Monday reviews aren't on Monday. It's old school, trust me.
OK, so I've been and editor for a while now. I probably should fill this part in a bit more fully.
I've been here a while. In most all likelihood longer than you. I was here when the first cblog post went up, and before. I like to believe I rep Dtoid old school. I fell in love with this community the second the cblogs opened up and posted all that I could as Cowzilla3 (you may remember him as an angry banana). I fell off the radar a bit as I started working for other sites and my time got stretched, but I never left Dtoid and finally, one day, my dreams came true.
Now I'm the Weekend Editor at Dtoid (and sometimes a game reviewer). If you didn't know me before as Cowzilla3, then "Hi! I'm Matt Razak. They let me out of the cage on weekends." I feel I should put the customary Dtoid rocks things here, but you already know that. I'd put my regular posts up below, but I don't have any (yet). Needless to say, I love Destructoid and everyone here.
Big group hug.
I'll see you on the weekends and we can celebrate Hammer Day together.
I also write movie reviews for a living. Sometimes I'll post them here. If you liked my review I would appreciate your kind clickage here. It would be most helpful in feeding the starving African orphans I take care of.

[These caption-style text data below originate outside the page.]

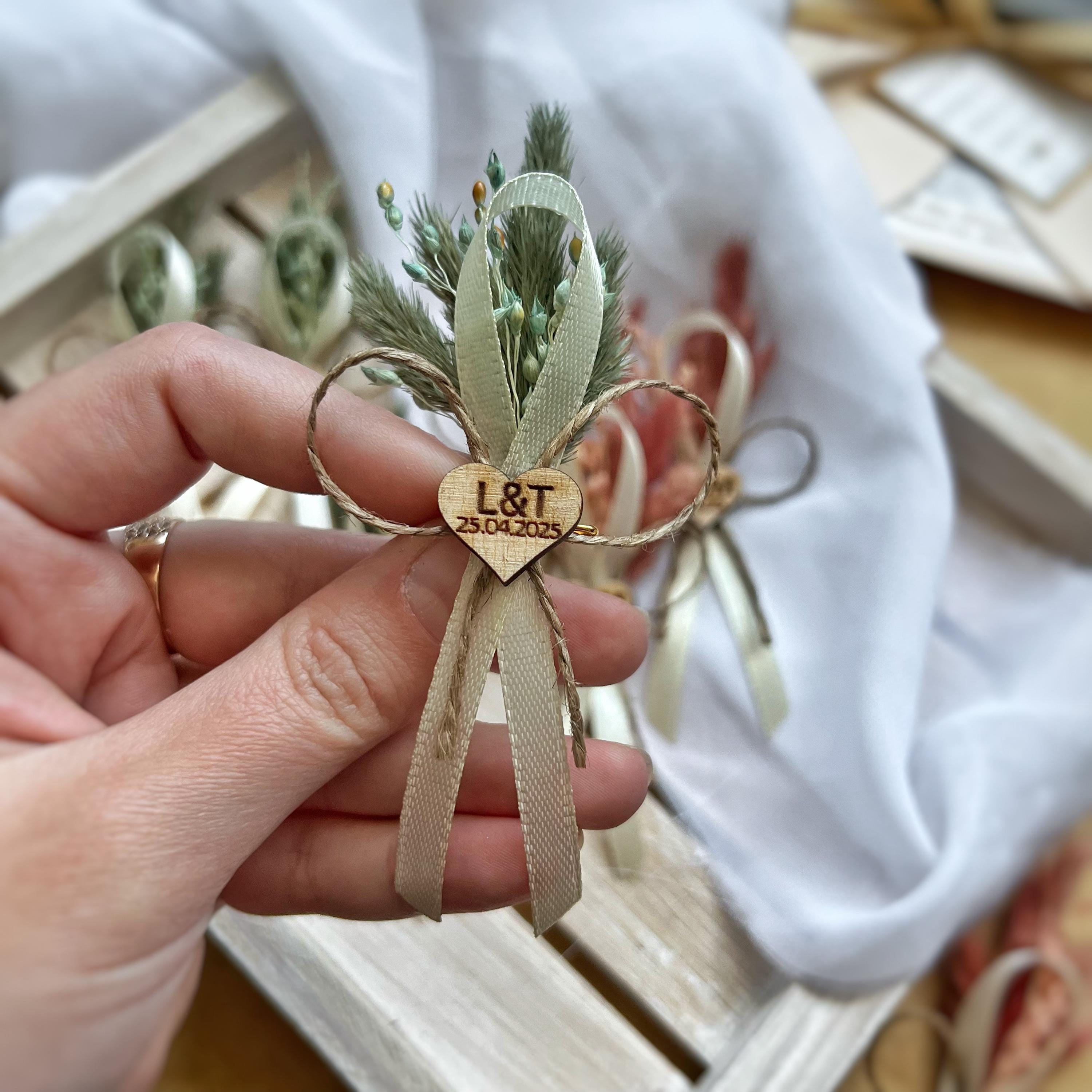 Set of 10 boutonnière Rustic boutonniere, dried flowers boutonnière Boutonniere for guests handmade wedding accessories Boho boutonnière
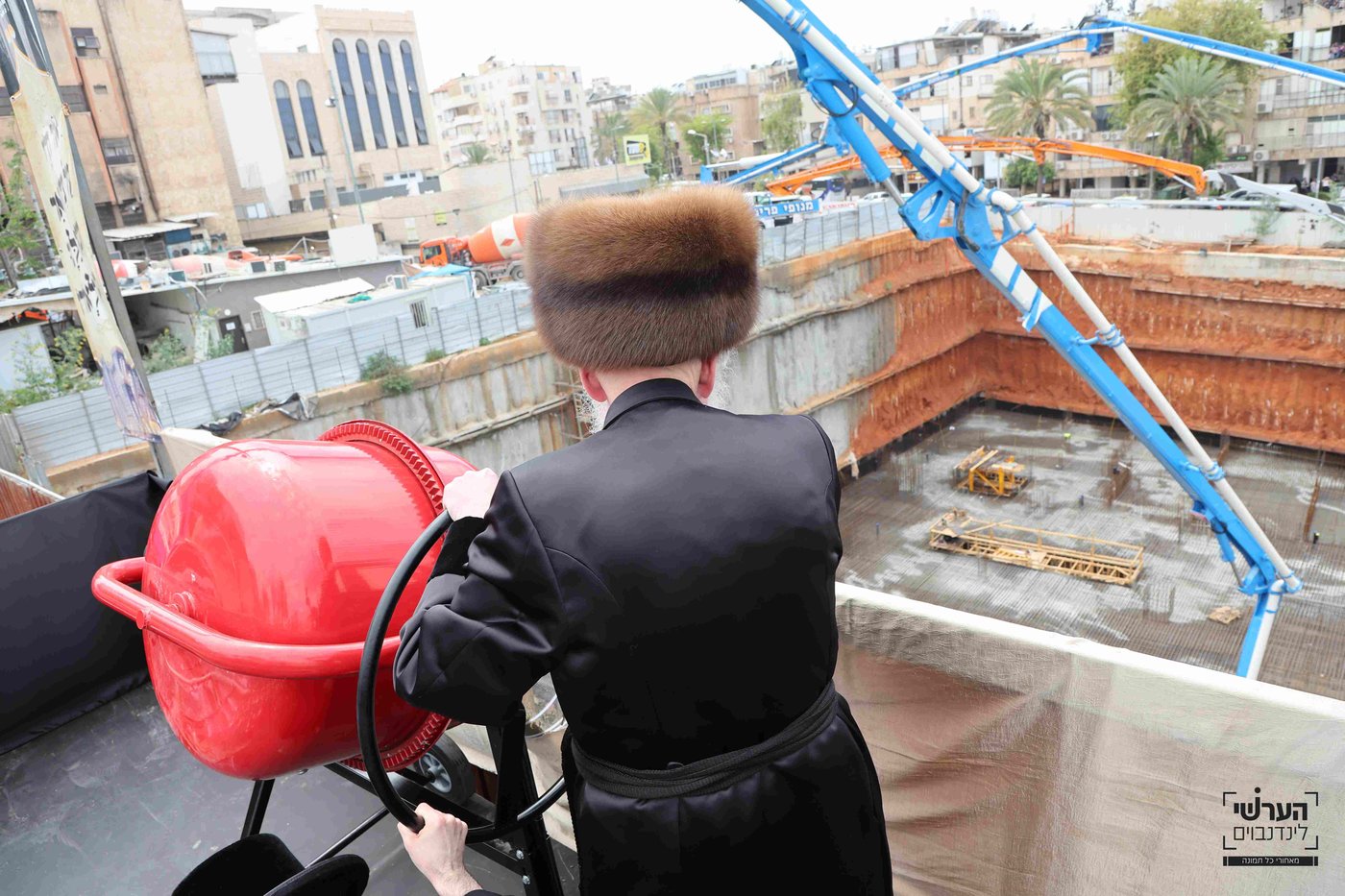 האדמו"ר מויזניץ במעמד יציקת שכבת בטון לבית מדרשו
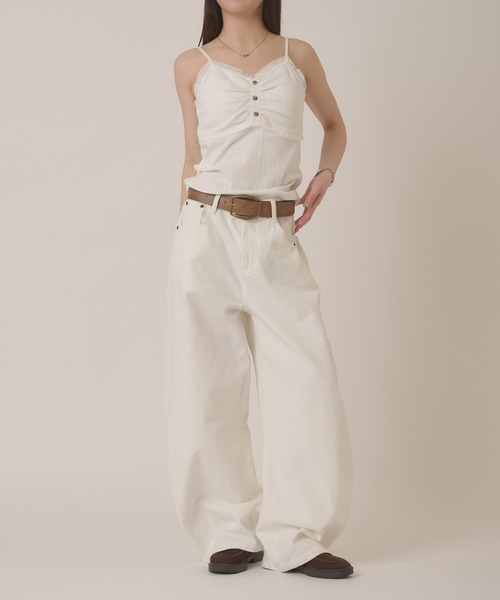hazyl(ヘイジル)の「stitch curve pants / ステッチカーブパンツ(デニムパンツ・レディース・ブラウン系その他/ブルー/オフホワイト/ベージュ/ブルー系その他・SMALL/MEDIUM)」の18枚目の写真
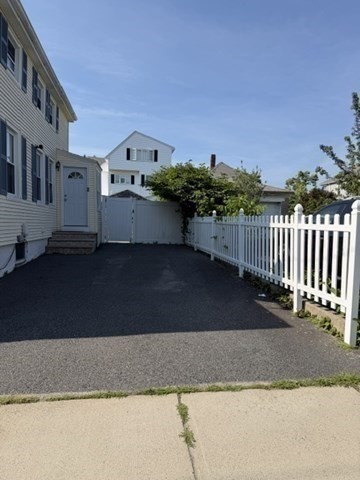 245 Clifford St Property Photo 2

The Karate Kid just won the award for surprise of the year. It's good. No, like actually bona-fide good. While remakes of 80s films might be in vogue it's been tough going, but Karate Kid nails it. I might even go so far as to say that it actually nails it as well as the original. Big claim, yes, but when a film has this much fun and then throws in kung fu it's easy to understand why the entire theater was cheering by the end of it.
If you have seen the original The Karate Kid then you know the gist of this movie (and if you haven't you're a 80s movie sinner). A young child, in this case Dre Parker (Jaden Smith), is outcast and picked on until he befriends a kindly karate kung fu teacher, Mr. Han (Jackie Chan). The latter helps him learn kung fu in time for the big kung fu tournament against the kids who keep picking on him. Original? No. Cheer worthy sports movie? Beyond a shadow of a doubt.
It's the differences from the original, however, that really elevate The Karate Kid to greatness. Possibly most important is the "karate kid" himself. Smith is fantastic on screen and absolutely oozes the charm and screen presences of his father, Will Smith. In fact there are times when you would be tempted to believe that the younger Smith is actually his father as a child. Whomever he is, he's great on screen and while still a little rough around the edges can obviously handle humor and drama quite adeptly. Thankfully, The Karate Kid allows him to do both and show off his relatively impressive kung fu skills all the while.
This leads us to the second difference: the fighting. This version of The Karate Kid is packed with surprisingly good fight scenes -- or maybe not so surprising. After all, the great Jackie Chan was on the set (he has a very cool fight himself), and much of the crew was Chinese thanks to the fact that the film was actually shot in China. This makes for kung fu fights that are not only fun to watch, but actually well directed and choreographed -- a true rarity for an American kung fu film. And this is kung fu, make no mistake. Where the original Karate Kid went for a slightly more realistic slant to its fights, this new one shoots for impressive moves over reality. That isn't to say wires are being used and people are flying through trees, because they aren't. All the fights are perfectly possible (and Smith went through extensive training to pull them off), but they're definitely not what you would see in reality.
Possibly the most surprising thing in the film is Chan. After a streak of truly bad films he absolutely nails Mr. Han. Not only is Chan's sense of humor and fighting style perfect for the role, but he's finally acting his age. More importantly he's actually acting. If you've seen the original you know that the Mr. Miyagi character has a very emotional scene and Chan handles his version of it impeccably well. It's too bad there aren't more roles for aging kung fu stars because I'm not sure I want to see Chan in anything else after this.
Seriousness aside, since it is such a small part of the film, The Karate Kid is just a blast. It does what all great sports films do and makes you cheer for the good guys and hate the bad guys (arrogant, punk kids are jerks no matter what country you're in). All the while it's paying homage to the original without copying in any straightforward manner, making it one of the few remakes that is its own movie as well. The fact that it is wonderfully shot in China is just an added bonus to a film that will have you pumping your fists in the air in triumph by the end of it. My only real complaint is that "You're the Best" wasn't played once, not even in the credits!